È lunga la storia di Dorazio che ormai ha 77 anni. Negli anni Cinquanta è stato artista "errante", pronto a correre a Parigi o a New York, ma sempre legato a filo doppio alla natia Roma e agli italiani, a Consagra, Sanfilippo, Turcato, al gruppo "Forma 1" fondato nel 1947, risposta al "realismo socialista" di Guttuso.

È una storia che oggi racconta una retrospettiva allestita a Locarno, nella Pinacoteca Casa Rusca (dal 22 febbraio al 30 maggio) e in un volume che la casa editrice Skira ha da poco mandato in libreria, Piero Dorazio. La formazione artistica di Annette Papenberg-Weber, che è anche la curatrice della mostra. La scelta di Locarno non è casuale. Negli anni della gioventù Dorazio si recava spesso nella città svizzera per incontrare Jean Arp, che vi soggiornava, così come sono state significative l´amicizia con il pittore e pioniere del cinema astratto Hans Richter, anch´egli di stanza a Locarno, nonché la collaborazione con la stamperia d´arte Lafranca.

Insomma è il ritorno a una seconda casa anche se fu Roma il centro di ogni battaglia, il luogo in cui si predicava un´arte «insieme formalista e marxista». Racconta Dorazio: «Alla fine della seconda guerra mondiale in Italia, da un punto di vista artistico, c´era quasi il vuoto. C´era la Scuola Romana, è vero. Ma nient´altro. L´idea di unire formalismo e marxismo fu del nostro gruppo, di Forma 1. Venne da Ripellino con cui studiavamo i formalisti russi, la cultura della sinistra russa della rivoluzione e prima della rivoluzione. Il resto era figlio di quel poco che conoscevamo della tradizione europea moderna».

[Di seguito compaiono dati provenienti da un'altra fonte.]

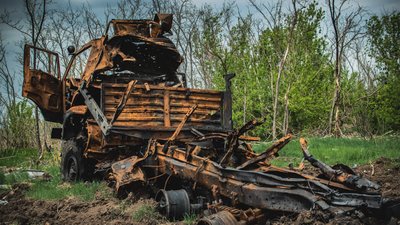 Вибухонебезпечні "подарунки" від РФ. Миколаївські нацгвардійці розміновують територію області Вибухонебезпечні "подарунки" від РФ. Миколаївські нацгвардійці розміновують територію області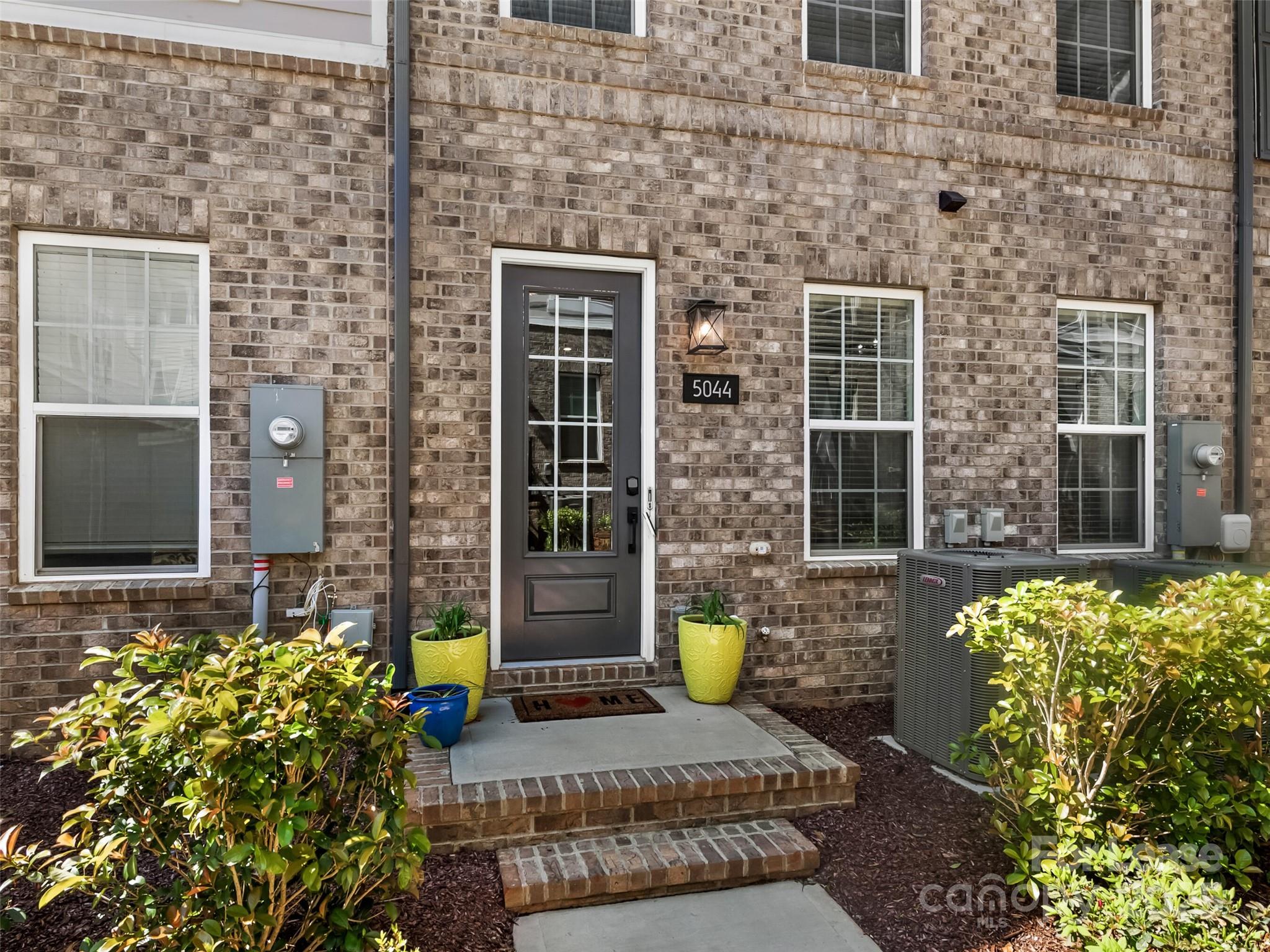 Elizabeth Glen - Residential Lease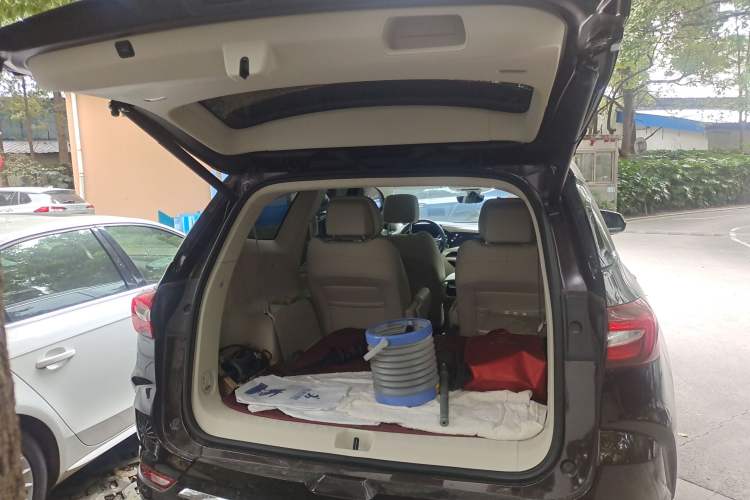 Used Buick Enclave 2020 28T All-Wheel Drive Avenir Trunk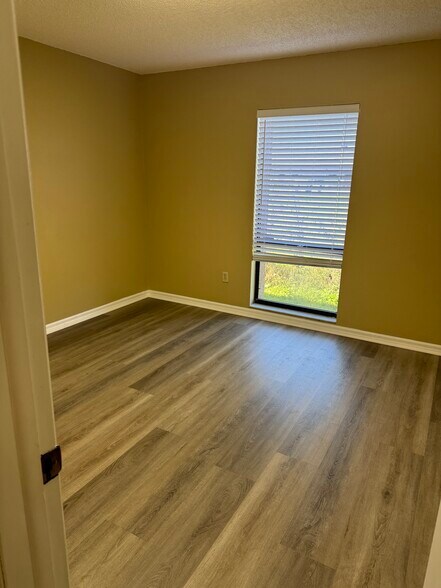 More Photos Of 5121 Ehrlich, Tampa Office For Lease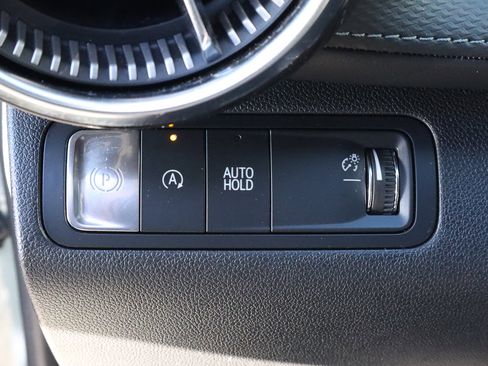 Used 2025 Chevrolet Equinox LT w/ Convenience Package II image 16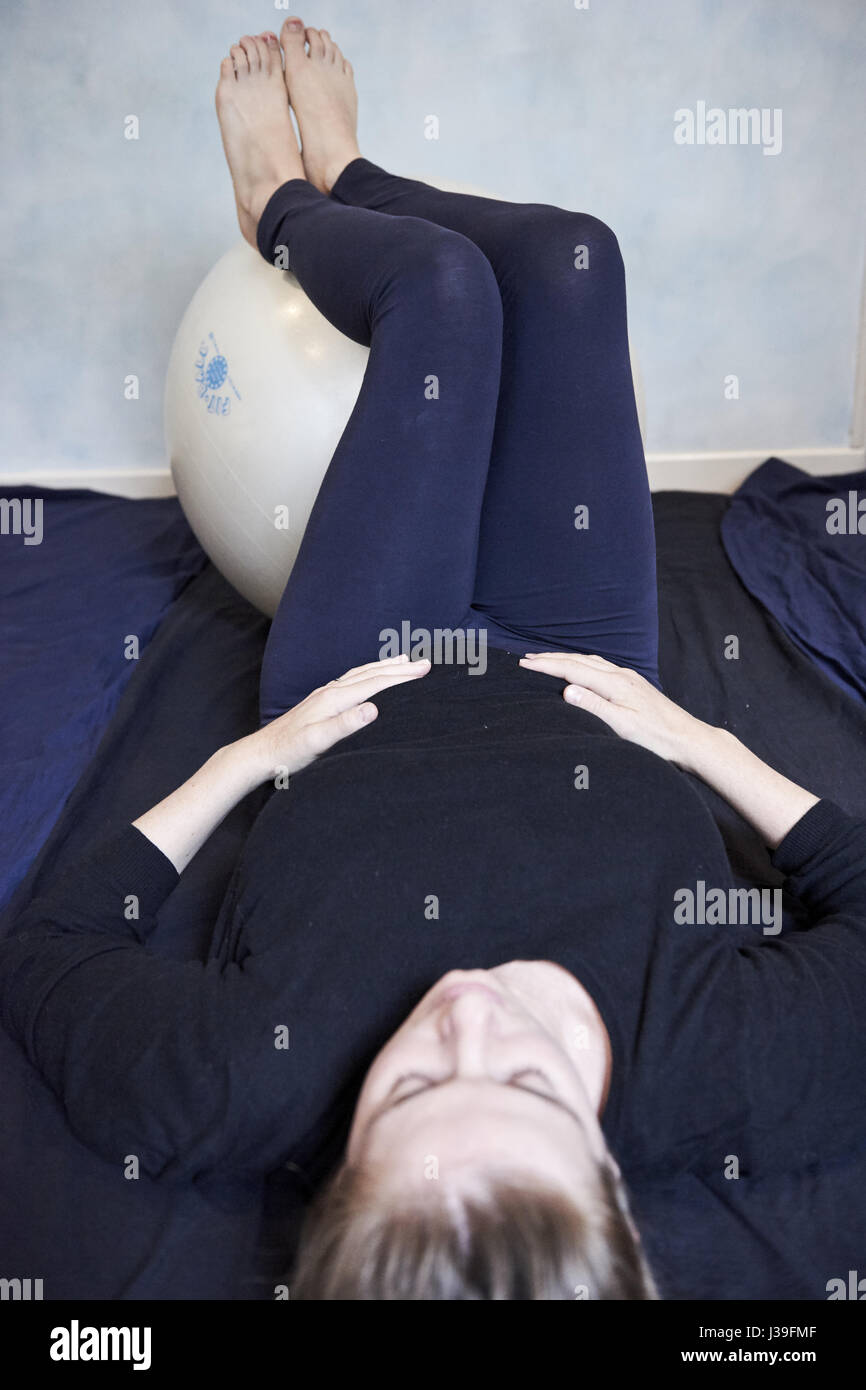 Esercizio perineale Foto Stock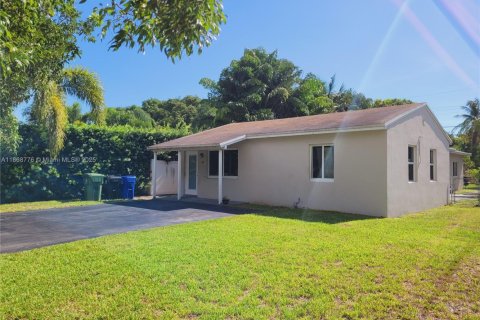 House in Fort Lauderdale, Florida 3 bedrooms, 97.55 sq.m. № 1932192 - photo 15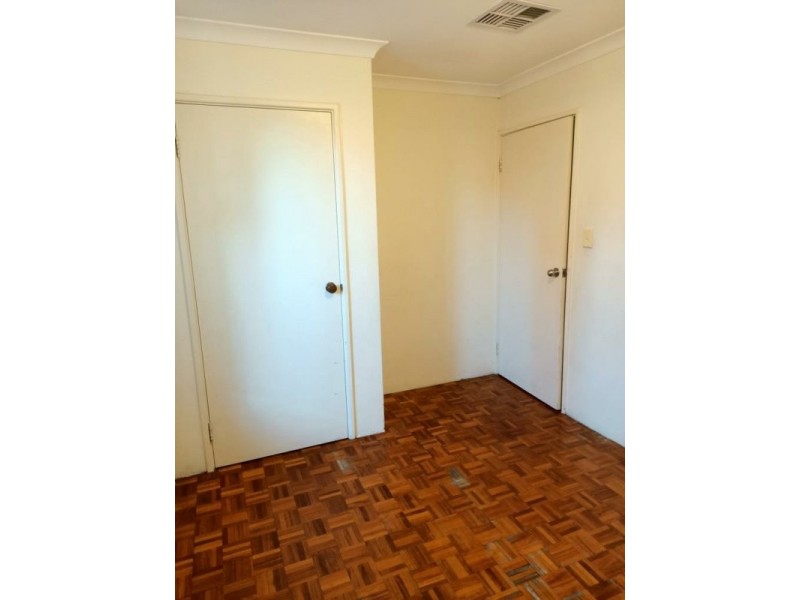 24 Knaphill Heights, Mirrabooka WA 6061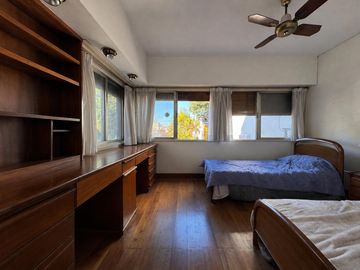 CASA VENTA FLORIDA 4 AMBIENTES JARDÍN PILETA QUINCHO
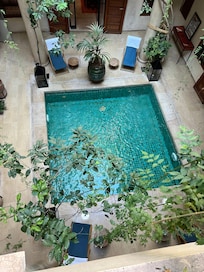 Riad pool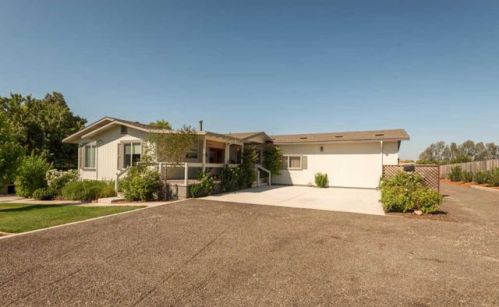 5497 Mccall Ave, Clovis, CA 93619-8208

Fu un´idea molto osteggiata?

«Piuttosto che provare a conciliare il marxismo con il formalismo cancellarono tutto. Fu Togliatti, furono i comunisti italiani non moderni. C´erano anche dei comunisti moderni, e non pochi, ma erano messi la bando. Amendola non era ostile. Di Guttuso è inutile parlare: era il nostro nemico numero uno. Io a quel tempo ero iscritto al partito socialista. Ma quelli che erano iscritti al Pci, come Consagra o Turcato, furono più volte chiamati per rendere conto di queste "deviazioni". Ci fu sempre una grande ostilità nei nostri confronti tanto che a nessuno di noi fu affidato un insegnamento. Solo Turcato insegnava, ma perché gli era stato assegnato un posto di assistente di Consagra fin dai tempi di Bottai. Io fui costretto a emigrare negli Stati Uniti per insegnare, andai a dirigere una scuola. Non avevamo i soldi per vivere. Nessuno comprava i nostri quadri. E l´ostilità degli stalinisti, anche se ora sono degli ex, continua tuttora».

Tuttora?

«Nel settembre dello scorso anno ho donato alla Galleria nazionale d´arte moderna di Roma alcuni dipinti del valore di un miliardo di vecchie lire e non è stato emesso neppure un comunicato. Ho regalato cinque grandi quadri, tra i più belli che ho realizzato tra gli anni Cinquanta e i giorni nostri, che aveva cominciato a scegliere Palma Bucarelli. Per completare le pratiche burocratiche ci sono voluti trent´anni. E alla fine la galleria non mi ha scritto neppure una lettera di ringraziamento».

Negli Stati Uniti quali erano i suoi rapporti con Pollock, De Kooning o Barnett Newman?

«Con gli artisti americani c´era un vero rapporto di scambio. Non c´era colonizzazione, quel fenomeno che ha cominciato a manifestarsi dopo la metà degli anni Sessanta, dopo il Leone d´oro assegnato dalla Biennale di Venezia a Rauschenberg. Fu questo il momento in cui mercanti, galleristi, collezionisti decisero di sostenere la pop art, che non è la vera arte americana, ma un´involuzione commerciale, una speculazione. Gente come Pollock o De Kooning rappresenta la vera grande pittura americana, che nasce dalla tradizione europea, sviluppa la tradizione francese, italiana. Gli altri sono duplicatori, copiatori. Si vede bene alla Biennale».

Davide Croff ne è stato appena nominato presidente. Ma della Biennale di Venezia riformata dal ministro Urbani cosa ne pensa?

«Una cosa è certa. Continua l´ostilità verso l´arte astratta. Quanto alla Biennale, la riforma del ministro Urbani è un disastro totale. Allontana l´arte dal pubblico anziché avvicinarla. Non ci sono critici, storici d´arte negli uffici. Sono tutti burocrati, che non sanno neppure cos´era la Biennale: era la mostra più importante del mondo dove si sancivano i giudizi sugli artisti. Esporre alla Biennale era uno straordinario riconoscimento. Ora non sappiamo più cos´è».